Avec Rituel pour une métamorphose, du Syrien Saadallah Wannous, la Comédie-Française aborde, pour sa première incursion véritable dans la littérature arabe, un texte subversif, conte oriental à la stupéfiante modernité.

Des «métamorphoses», il en est question tout au long de cette pièce, créée au théâtre du Gymnase à Marseille dans le cadre de la capitale européenne de la culture 2013.

Métamorphose d'une épouse de la haute société en courtisane, transformation d'un notable en clochard mystique, passion amoureuse d'un homme pour un autre... Le texte de Wannous, écrit en 1994, aborde les thèmes les plus brûlants: rapport au pouvoir, prégnance de l'autorité religieuse, émancipation féminine...

L'histoire se déroule dans un Damas des années 1860, avec à sa tête un mufti lancé dans une machination pour asseoir son pouvoir.

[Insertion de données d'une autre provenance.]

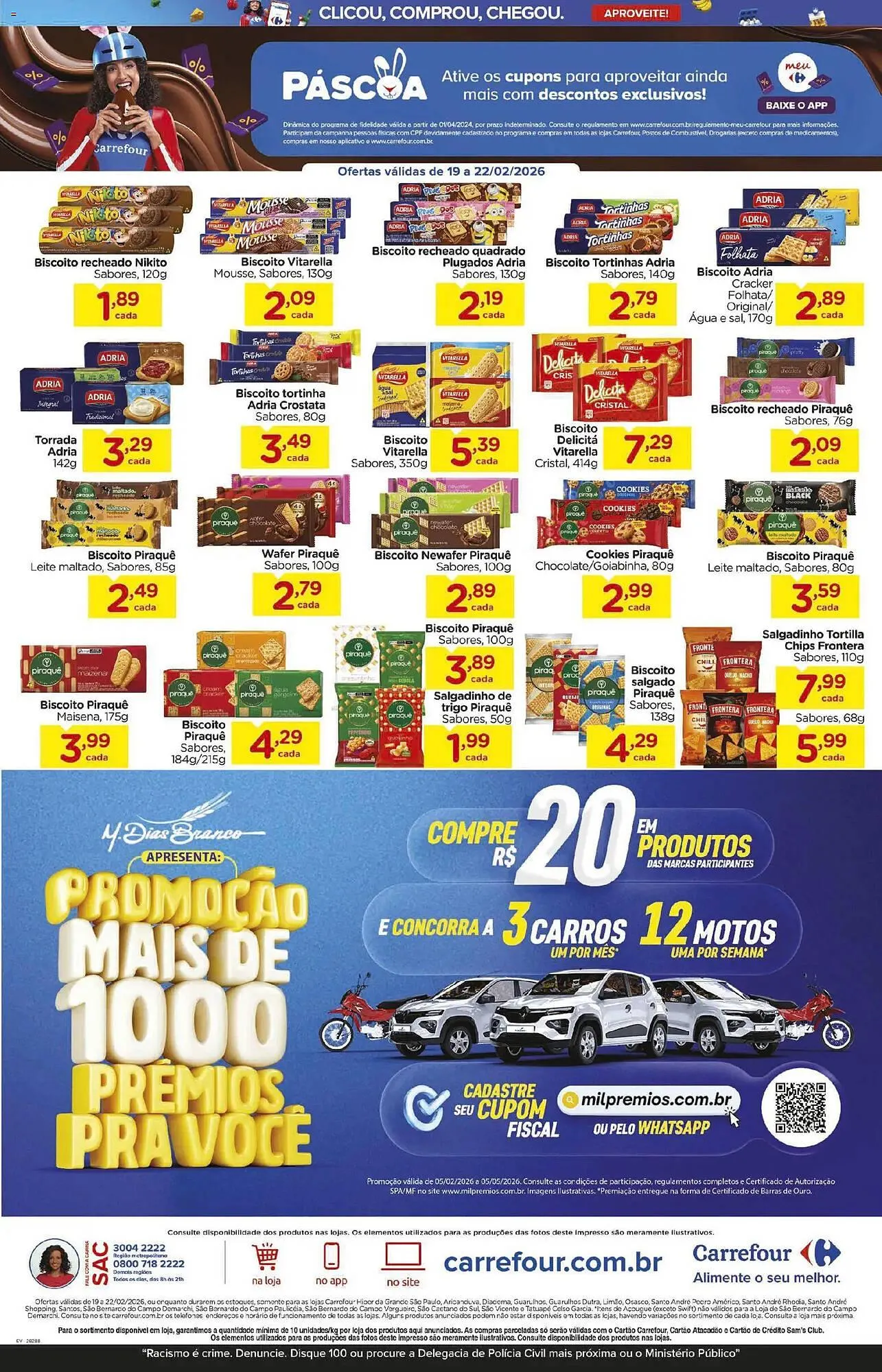 Encarte de Folheto Carrefour 19 de fevereiro até 23 de fevereiro 2026 - Pagina 4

Mais c'est une femme exprimant sa soif de liberté et son désir sexuel qui viendra mettre au pas cette toute-puissance masculine, brisant tous les interdits. Une femme fine qui sondera l'âme du mufti et finira par le perdre à lui-même.

«Je veux rompre ces grossières cordes qui paralysent mon corps, cordes tressées dans la peur, la pudeur, la chasteté et les tabous, cordes faites de sermons», dit Mou'mina, devenue Almâssa la prostituée, au mufti. «Je veux libérer mon corps, atteindre mon moi».

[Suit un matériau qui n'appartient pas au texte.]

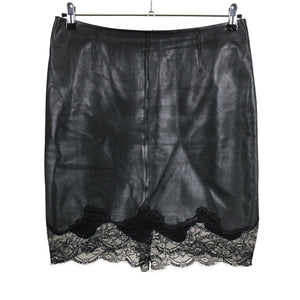 Unisex Max&Moi - Leather skirt, size 42 - Black (1)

Onze comédiens magnifiques portent ce drame puissant, allégé par quelques ressorts de comédie. Les mots sont précis, souvent tranchants, crus parfois.

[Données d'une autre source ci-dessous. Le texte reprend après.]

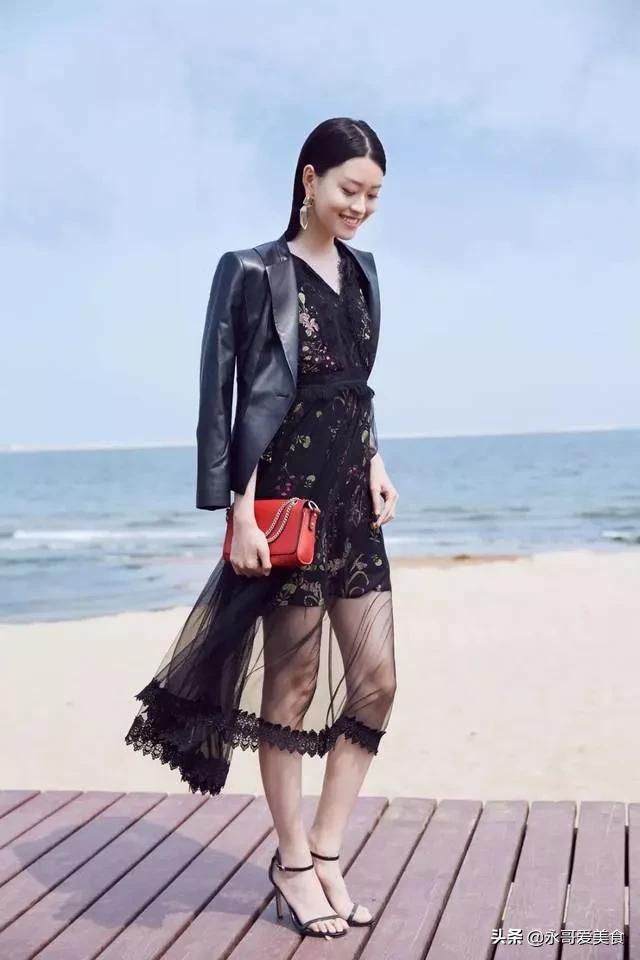 张慧雯，北舞美女演员，清新脱俗，靓丽迷人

Sur scène, de hauts murs, comme une prison, occupent le plateau pendant les deux tiers de la pièce, jusqu'à ce qu'ils se fêlent et cèdent, incarnation du chaos généré dans la ville par Mou'mina.

Déclinés dans un camaïeu de gris, les turbans et autres sarouals se font quasiment oublier. Une volonté du metteur en scène, le Koweïtien Sulayman Al-Bassam, qui en rejetant tout orientalisme a voulu garder à la pièce sa dimension universelle, contemporaine, «urgente», explique-t-il.

Le sujet est tel qu'en Syrie comme en Égypte, la pièce n'a pu être jouée longtemps, relève le metteur en scène et auteur de 41 ans. «Elle n'est pas censurée au sens propre mais c'est une pièce qui remet en question les fondamentaux religieux», avec la métamorphose du mufti.

«La pièce est empreinte d'atmosphère religieuse et en même temps, elle est critique. Je crois que c'est une tentative de pièce laïque dans un monde musulman», dit Denis Podalydès.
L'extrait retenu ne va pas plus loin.